Kaftar’s surrender brings little to the Taliban militarily but is another propaganda victory against the struggling Afghan government, suggesting that in a bloody, stalemated war some were switching sides to the insurgents. The Taliban have increasingly reached out to those disenchanted with the Afghan government as the country’s military struggles amid the continuing U.S. withdrawal.

For a group that kept women confined to their homes when they were in power in the 1990s, a Taliban alliance with a female commander could prove tricky. The Taliban have yet to provide any detailed positions in ongoing peace talks on the role of women in a future government. But what makes Kaftar’s shift easier is that she commands hundreds of men in a deeply conservative and misogynistic society.

The surrender exposes a larger vulnerability of the Afghan government: Its defenses are partly reliant on thousands of unreliable militias with track records of abuse and local feuding, and a history of switching sides.

President Ashraf Ghani has sent mixed signals about the militias over the years.

When Ghani came to office in late 2014, he tried aggressively to dismantle the militias. Encountering the president’s wrath, militia commanders simply refused to fight the Taliban, opening the way for the insurgents to march on Kunduz City.

In recent years, as the Afghan army and police have been stretched thin against Taliban offensives, Ghani has accepted the militias as a reality. Over the summer, the Afghan president spoke publicly about “investing more” in some militias as a line of defense.

Kaftar’s experience speaks to the complicated reality upon which the U.S.-bankrolled democracy has been built — on the legacy of a previous invasion and years of anarchy and warlord rule.

Her reputation began to grow with the killing of Soviet commandos who had swarmed her valley during an invasion starting in 1979. She has not put down arms since, raising a militia that protected her valley as her little kingdom. Even when the Taliban swept through most of Afghanistan in the 1990s, she fended them off.

She has often recounted how she taunted the Taliban commander for her province with a lose-lose offer: If she arrested him, she would parade him around town on a donkey and people would laugh at him for being defeated by a woman. And if he arrested her? The town would scold the Taliban commander for arresting a woman.

After the U.S. invasion in 2001, the new Afghan government moved to disarm militias like hers. She and many other militia commanders resisted. Asked about the government wanting to disarm her, she said, “If they come, you will see what I will do to the government.”

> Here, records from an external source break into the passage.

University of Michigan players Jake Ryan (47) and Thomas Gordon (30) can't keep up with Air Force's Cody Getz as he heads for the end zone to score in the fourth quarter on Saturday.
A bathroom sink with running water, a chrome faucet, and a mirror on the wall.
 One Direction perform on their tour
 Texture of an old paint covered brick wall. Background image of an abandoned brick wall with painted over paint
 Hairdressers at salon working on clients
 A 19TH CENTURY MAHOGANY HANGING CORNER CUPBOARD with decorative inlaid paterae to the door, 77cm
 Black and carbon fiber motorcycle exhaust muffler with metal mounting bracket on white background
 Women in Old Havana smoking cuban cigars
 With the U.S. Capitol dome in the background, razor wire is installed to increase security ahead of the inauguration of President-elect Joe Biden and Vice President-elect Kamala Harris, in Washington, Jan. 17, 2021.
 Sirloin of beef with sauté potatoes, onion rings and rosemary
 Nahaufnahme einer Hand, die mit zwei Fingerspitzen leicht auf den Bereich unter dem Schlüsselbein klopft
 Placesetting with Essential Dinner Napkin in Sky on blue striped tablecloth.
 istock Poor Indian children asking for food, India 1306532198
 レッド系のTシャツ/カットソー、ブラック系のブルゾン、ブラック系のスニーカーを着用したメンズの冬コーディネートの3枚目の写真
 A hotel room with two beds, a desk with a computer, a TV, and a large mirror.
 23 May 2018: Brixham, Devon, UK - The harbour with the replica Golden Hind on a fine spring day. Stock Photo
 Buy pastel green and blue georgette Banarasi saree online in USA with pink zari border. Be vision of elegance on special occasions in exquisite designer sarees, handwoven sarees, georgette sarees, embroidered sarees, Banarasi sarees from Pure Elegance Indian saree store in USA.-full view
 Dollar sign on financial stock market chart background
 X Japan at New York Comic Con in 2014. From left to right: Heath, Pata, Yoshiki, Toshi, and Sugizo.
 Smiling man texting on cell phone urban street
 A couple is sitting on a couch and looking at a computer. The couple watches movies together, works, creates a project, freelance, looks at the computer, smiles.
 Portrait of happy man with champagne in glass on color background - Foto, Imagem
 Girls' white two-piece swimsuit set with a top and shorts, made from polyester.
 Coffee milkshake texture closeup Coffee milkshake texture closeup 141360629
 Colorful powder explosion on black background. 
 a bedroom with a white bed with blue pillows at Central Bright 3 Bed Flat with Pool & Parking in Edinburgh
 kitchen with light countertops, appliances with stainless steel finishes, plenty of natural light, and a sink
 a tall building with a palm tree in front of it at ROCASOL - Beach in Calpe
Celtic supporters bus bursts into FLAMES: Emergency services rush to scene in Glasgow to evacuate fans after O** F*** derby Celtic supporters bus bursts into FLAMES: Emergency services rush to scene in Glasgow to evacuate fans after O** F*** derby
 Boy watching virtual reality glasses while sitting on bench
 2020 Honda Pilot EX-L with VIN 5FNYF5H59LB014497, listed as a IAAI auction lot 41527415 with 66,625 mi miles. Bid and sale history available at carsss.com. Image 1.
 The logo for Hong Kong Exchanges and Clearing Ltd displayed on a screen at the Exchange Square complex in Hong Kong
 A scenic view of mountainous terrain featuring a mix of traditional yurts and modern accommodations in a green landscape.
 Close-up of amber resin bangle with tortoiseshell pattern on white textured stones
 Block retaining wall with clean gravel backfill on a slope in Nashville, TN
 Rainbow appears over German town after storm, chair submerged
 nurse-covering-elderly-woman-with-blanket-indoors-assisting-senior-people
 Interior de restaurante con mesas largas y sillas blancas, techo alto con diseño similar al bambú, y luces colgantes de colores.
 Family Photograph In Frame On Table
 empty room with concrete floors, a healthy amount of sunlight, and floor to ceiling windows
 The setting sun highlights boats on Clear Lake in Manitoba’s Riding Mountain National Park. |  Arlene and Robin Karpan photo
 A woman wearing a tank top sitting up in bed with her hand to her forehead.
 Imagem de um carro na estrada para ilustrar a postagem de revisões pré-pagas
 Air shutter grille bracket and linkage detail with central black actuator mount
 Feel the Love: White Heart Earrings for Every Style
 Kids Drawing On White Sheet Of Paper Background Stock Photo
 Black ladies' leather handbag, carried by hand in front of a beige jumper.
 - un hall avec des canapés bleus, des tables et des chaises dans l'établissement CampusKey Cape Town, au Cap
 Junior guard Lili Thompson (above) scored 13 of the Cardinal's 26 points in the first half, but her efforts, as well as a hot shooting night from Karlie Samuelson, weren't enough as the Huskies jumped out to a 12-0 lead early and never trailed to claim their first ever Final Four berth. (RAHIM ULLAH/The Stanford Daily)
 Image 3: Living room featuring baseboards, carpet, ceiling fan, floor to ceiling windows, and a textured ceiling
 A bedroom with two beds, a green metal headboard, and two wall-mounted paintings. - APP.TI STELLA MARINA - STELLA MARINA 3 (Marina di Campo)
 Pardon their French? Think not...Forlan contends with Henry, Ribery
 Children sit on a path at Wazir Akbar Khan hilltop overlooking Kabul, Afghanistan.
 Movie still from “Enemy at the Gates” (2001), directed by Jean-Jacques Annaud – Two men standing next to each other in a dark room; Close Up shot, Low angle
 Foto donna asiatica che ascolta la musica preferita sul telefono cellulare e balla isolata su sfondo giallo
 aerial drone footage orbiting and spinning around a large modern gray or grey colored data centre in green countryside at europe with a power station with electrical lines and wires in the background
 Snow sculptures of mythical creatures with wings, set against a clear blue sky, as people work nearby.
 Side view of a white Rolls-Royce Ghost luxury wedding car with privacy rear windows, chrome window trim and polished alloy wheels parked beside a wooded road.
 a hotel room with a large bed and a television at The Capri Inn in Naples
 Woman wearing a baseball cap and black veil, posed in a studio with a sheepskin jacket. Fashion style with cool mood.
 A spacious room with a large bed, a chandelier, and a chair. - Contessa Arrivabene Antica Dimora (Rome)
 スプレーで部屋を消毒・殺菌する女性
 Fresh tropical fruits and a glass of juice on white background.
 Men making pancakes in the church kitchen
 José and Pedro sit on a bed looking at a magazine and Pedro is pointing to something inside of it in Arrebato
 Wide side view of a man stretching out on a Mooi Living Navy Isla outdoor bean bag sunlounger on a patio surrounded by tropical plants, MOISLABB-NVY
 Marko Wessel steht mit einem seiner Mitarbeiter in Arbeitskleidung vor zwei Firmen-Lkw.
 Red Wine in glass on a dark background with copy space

Even in Kabul she was celebrated as an anti-Taliban hero and inspiration for women, with the country’s former human rights chief attending a celebration of her hosted by Afghanistan’s vice president.

“This war won’t end in peace — only God, or this beautiful Kalashinkov can solve it,” she once said in an interview, the weapon on her lap. “The Taliban are not capable of change or reform.”

But even as media reports list 20 of her family members lost in the war with the Taliban, much of her fight in recent years has involved spiraling family feuds.

Some of those disputes, including a fight with one of her sisters, have dragged on over two decades with many dead on each side. In another prolonged feud, she chased a relative out of the valley after deaths on both sides, only for the man to return years later as a commander of the Taliban that she has now surrendered to.

The news of Kaftar’s fate raised questions of whether it was the result of a truce between two families, or as it was publicly portrayed: the surrender of a militia commander to a Taliban leader. In large parts of Afghanistan, with the lines of war increasingly blurred, the two are the same.

“Commander Pigeon was an old decrepit warlord, a broken-down woman,” writer Jennifer Percy wrote in a 2014 profile in The New Republic. “Lonely, she survived on attention, on her ability to inspire fear through the power of her own myth. In Afghanistan, the ability to create a mythology is powerful, maybe even more powerful than military prowess.”